Europe’s new circular economy package will be ‘country-specific’
The European Commission's 'more ambitious' circular economy package will include country-specific waste-reduction targets and a specific roadmap for the implementation of closed-loop business processes.
Speaking at the 2015 European Circular Economy Conference in Brussels last week, the European Commissioner for Environment, Maritime Affairs, and Fisheries, Karmenu Vella, explained that the re-tabled waste legislative proposal will be “more country-sensitive”, addressing a range of economic sectors in addition to waste.
“The Commission is aiming to present a new, more ambitious circular economy package late in 2015, to transform Europe into a more competitive resource-efficient economy,” said Vella. “The package will include a new legislative proposal on waste targets, taking into account the input already given to us during public consultations, and by Council and in Parliament, in particular the comments made by many that the previous waste proposal needed to be more country-specific.

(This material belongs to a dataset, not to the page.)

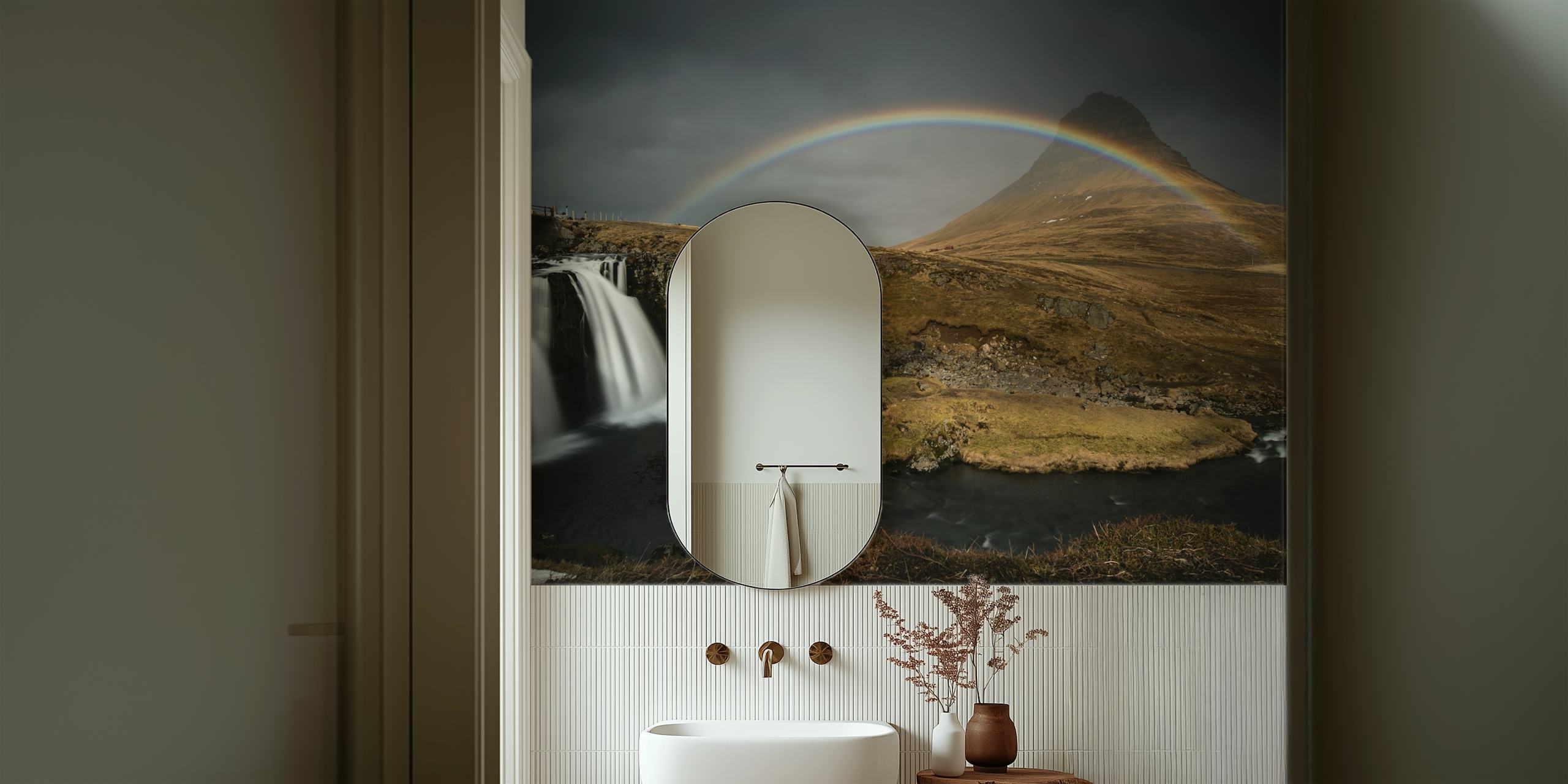 Kirkjufell mountain in Iceland with waterfall and rainbow wall mural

“This new proposal will use the expert knowledge already gained to be more country sensitive. I want to assure you that we will keep our EU-wide goals on recycling levels.”
Circular economy benefits
First announced in July 2014, the European Commission’s circular economy package featured a proposed 70% recycling and reuse target for 2030, as well as a requirement for Member States to recycle 80% of packaging waste by 2030. But in December, Commission Vice-President Frans Timmermans confirmed those proposals would be scrapped; to be replaced by a ‘broader and more ambitious’ waste package in late 2015.
The need for a more ambitious European waste policy is clear: in 2012, total waste production in the EU amounted to 2.5 billion tonnes – an average of five tonnes per inhabitant per year. From this total, only 36% was effectively recycled, with 37% – around 1620 million tonnes – sent to landfill. Recent estimates show that increasing productivity by 30% would boost GDP by nearly 1%, while creating more than two million jobs – many of which would be here in the UK.
Vella, who was in charge of reviewing the initial package, reiterated that the Commission will continue to promote eco-innovation and investment in clean technologies, which itself could bring in net savings of €600bn – or 8% of annual turnover – for businesses in the EU, while reducing total annual greenhouse gas emissions by 2/4%.
“The preparatory report on the European Strategic Investment Plan highlights the importance of resource efficiency, identifying it as one of the key objectives,” Vella said. “This should translate into firm support for eco-innovation projects, actively complementing the considerable support already available via the European Structural and Investment Funds.”
The Environment Commissioner also confirmed that the new circular economy package will include a roadmap for further action on the circular economy, considering both upstream (the production and use) and downstream (after products are no longer ‘waste’) phases.
“Both these aspects – the waste targets review and the roadmap – will come together before the end of this year,” Vella said. “The more I look at the two sides – the environment and the economy – the more convinced I become that the way forward is to fully integrate resource efficiency into the way we do business in Europe.”